# Carbide Lathe Tools - My version



## Steelart99 (Jan 19, 2013)

So I made some carbide tools today. I used my surface grinder to cut the end recess on 1/2" square stainless bar stock. Then I drilled, tapped, counter sunk the holes and mounted the carbide bits. I turned one maple handle with a copper ferrule. I drilled a 1/2" hole in the maple, heated up an extra piece of 1/2" square stock with a propane torch (dull red) and pushed the handle down on the hot steel. This cuts an exact dimension square hole that is 4" deep. I still have to make the other handles and polish up the steel some.

It's a good think you all like pictures ... 

[attachment=16608]

[attachment=16609]

[attachment=16610]

[attachment=16611]

[attachment=16612]

[attachment=16613]

[attachment=16614]

[attachment=16615]

[attachment=16616]
[attachment=16617]


----------



## Steelart99 (Jan 19, 2013)

[attachment=16620]

[attachment=16621]

[attachment=16622]

[attachment=16619]


----------



## hardtwist (Jan 19, 2013)

Lookin' good! Any thoughts of making some for sale here?


----------



## Steelart99 (Jan 19, 2013)

hardtwist said:


> Lookin' good! Any thoughts of making some for sale here?
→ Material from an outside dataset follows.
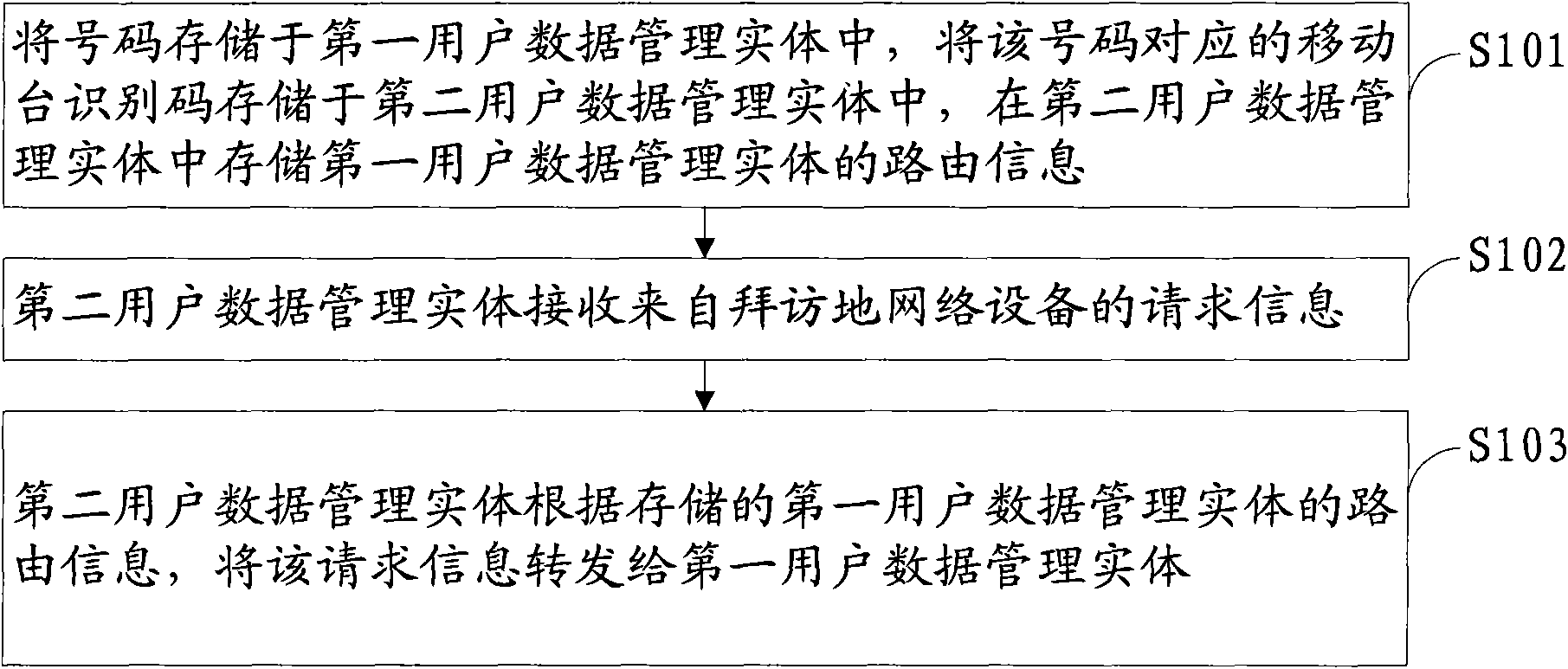 Method and system for realizing mobile phone business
I'm afraid I have too many other projects to make more than what I use . There are a couple of others on WB selling tools.
Dan


----------



## RusDemka (Jan 19, 2013)

Those look great, i machine mine on a mill, and i didnt think about heating them up to stick them in the handle, i just drill a hole and epoxy the voids. I sold a few sets, but now i only trade them for wood lol :i_dunno:


----------



## Steelart99 (Jan 19, 2013)

RusDemka said:


> Those look great, i machine mine on a mill, and i didnt think about heating them up to stick them in the handle, i just drill a hole and epoxy the voids. I sold a few sets, but now i only trade them for wood lol :i_dunno:



A trick I learned putting wood handles on knives. It makes a very solid 
mount, and at 4 inch deep, no glue needed.


----------



## jimmyjames (Jan 19, 2013)

Thats a nice little grinder you have there, we have okomoto's at my work and would love to have a little one like that at home


----------



## DKMD (Jan 19, 2013)

Nicely done! Thanks for sharing... I'd never seen that trick for making a hole in the handle.


----------



## Steelart99 (Jan 19, 2013)

burlguy72 said:


> Cool, I like how you stamp the cutter tip number into the tool.. Great pics.. Cory..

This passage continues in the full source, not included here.